VILLAGERS fighting to save an historic mill chimney have lost their battle after demolition contractors were given the go-ahead to move in.

The 150-year-old Wilford's Mill chimney at Brompton, near Northallerton, is to be taken down on safety grounds, despite a campaign by residents, who say it is one of the most important remnants of the area's linen industry.

The owner of the 160ft. high chimney, Felicity Bonaventura, wants it demolished, claiming that it is unsafe and insurance costs are too high.

Her agents, Strutt and Parker of Harrogate, say it will now be brought down piece by piece.

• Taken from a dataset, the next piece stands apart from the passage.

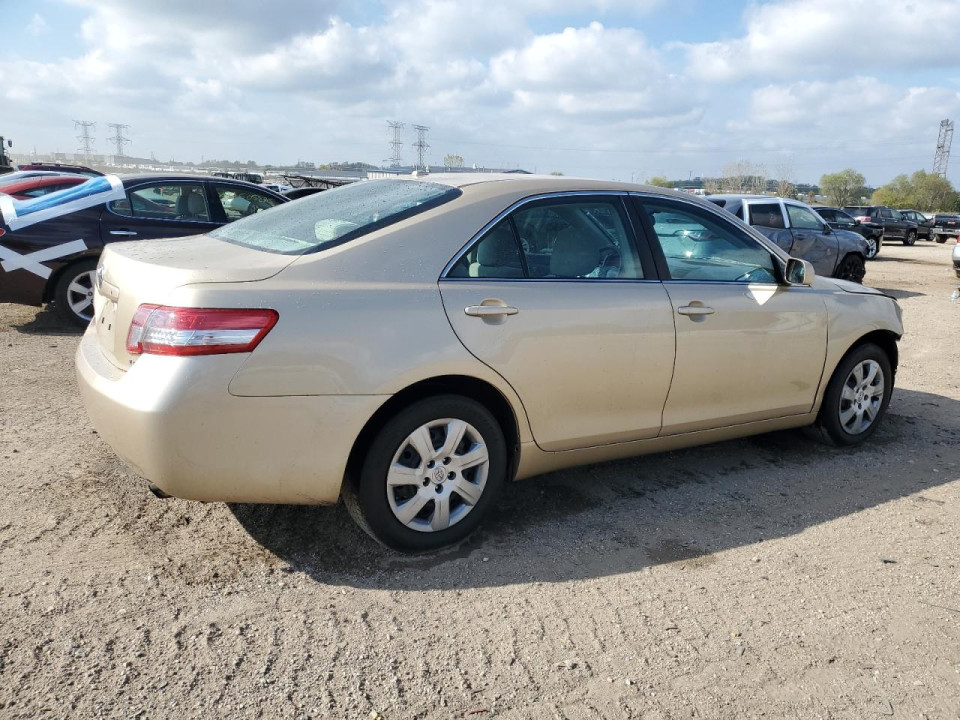Toyota CAMRY 2011 — Copart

Christopher Orme of Strutt and Parker said: "It will be taken down brick by brick to a safe level, simply because we cannot find an alternative economical use for it." The decision has angered members of Brompton Heritage Group, who had called for the chimney to be retained. They say they were not told about the demolition until contractors arrived at the site.

Chairman of the group Erik Matthews said: "We have bent over backwards to work with Strutt and Parker and put forward viable ways of keeping the chimney in place. There is an overwhelming wish in the village that it should stay.

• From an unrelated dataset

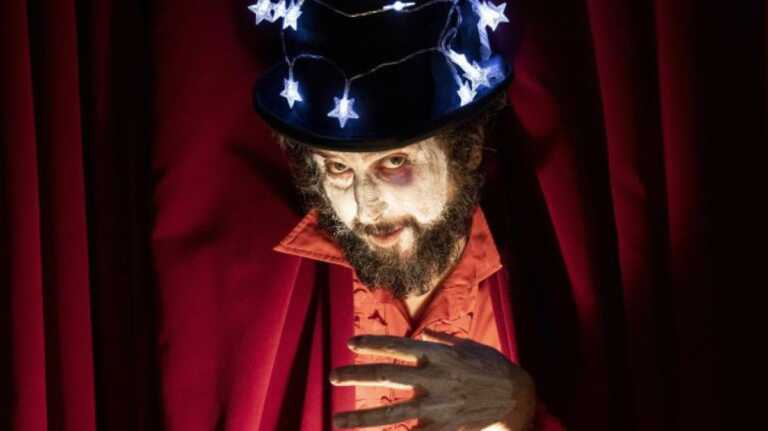 Vinicio Capossela ha voglia di fare “festa”: arriva il nuovo disco e un live a Molfetta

"It was only when the demolition contractors appeared in the village to size up the job that it became obvious that the owner and agent appear to have rejected our proposals.

"We had offered to pay £600 for a structural survey and had not ruled out helping to fund any repair costs. The strength of feeling was clear when over 80 people turned out to a public meeting to try to save the chimney and young people gathered 800 signatures on a petition against destroying it.

"I can only say that we feel badly let down."

The original demolition date was set for June 18, but an outcry by local people meant that the work was cancelled while emergency talks were held.

The campaign to save the chimney was originally spearheaded by the Brompton Village Design Statement Group, but after a public meeting, the heritage group was formed.

The demolition will take place later this month and is expected to last for about four days.